Multiple news outlets reported late Thursday that Meyer has not finalized his star player's change in positions, mainly because he supposedly hasn't seen him play wide receiver.

"We won't know enough until practice starts how we can use him and what he can do," Meyer told Cleveland.com's Doug Lesmerises. "I just don't know. He's a great athlete, but he's never caught a pass for us."

"I haven’t made those decisions yet,” Meyer said to Bill Rabinowitz of the Columbus Dispatch. “It seems like it’s a little bit jumping the gun. Braxton came to see me. ... He’s been talking to me about it. We’ve been working at it. But I’m not ready to say exactly how we’re going to use him yet.”

Meyer's statements are probably because of where we are in the calendar.
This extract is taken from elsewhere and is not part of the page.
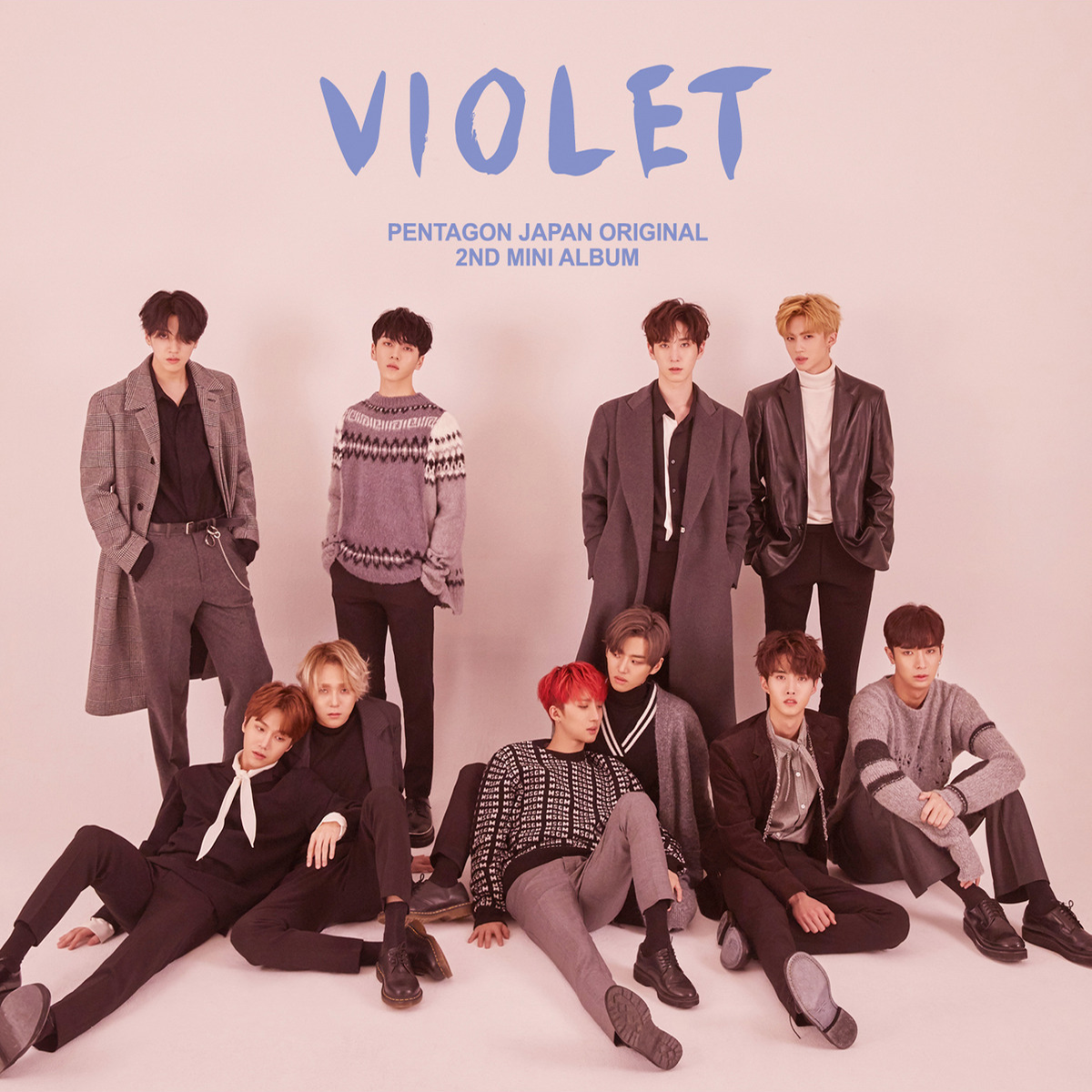 Violet (PENTAGON) | Kpop Wiki | Fandom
Coaches cannot work with players until fall camp begins in a few weeks, so he's claiming to not have really seen Miller run routes or catch passes in traffic against defenses.


Making a switch to a position you didn't grow up playing is going to take quite the learning curve, but Miller is athletic and determined enough to try and make it happen. He told Thamel he plans to spend 80 percent of his time in camp with the wide receivers and the other 20 percent at quarterback.

“Braxton Miller can play wide receiver as long as he wants to play it,” Ohio State receivers coach Zach Smith told Thamel. “His speed, strength, talent, commitment and, really, lifestyle will allow him to be like Joey Galloway. It’s going to be a matter of how quickly he grows into the position, but the sky is the limit for him.”

While the conflicting reports are out there that the man in charge isn't 100 percent sold on the idea of moving Miller to wide receiver or H-back, the redshirt senior's disclosure to SI is pretty telling.

There's a good chance Miller enters camp still working with the quarterbacks before he ultimately deciding his shoulder isn't where it needs to be to properly compete for the starting position. If that's the case, the Buckeyes undoubtedly will welcome his skills on the edge and elsewhere.

Either way, it looks like he's been preparing himself for this for a while now and if it comes to fruition, one leg of the quarterback quandary is put to rest and Ohio State's offense just added another whole page of interesting possibilities.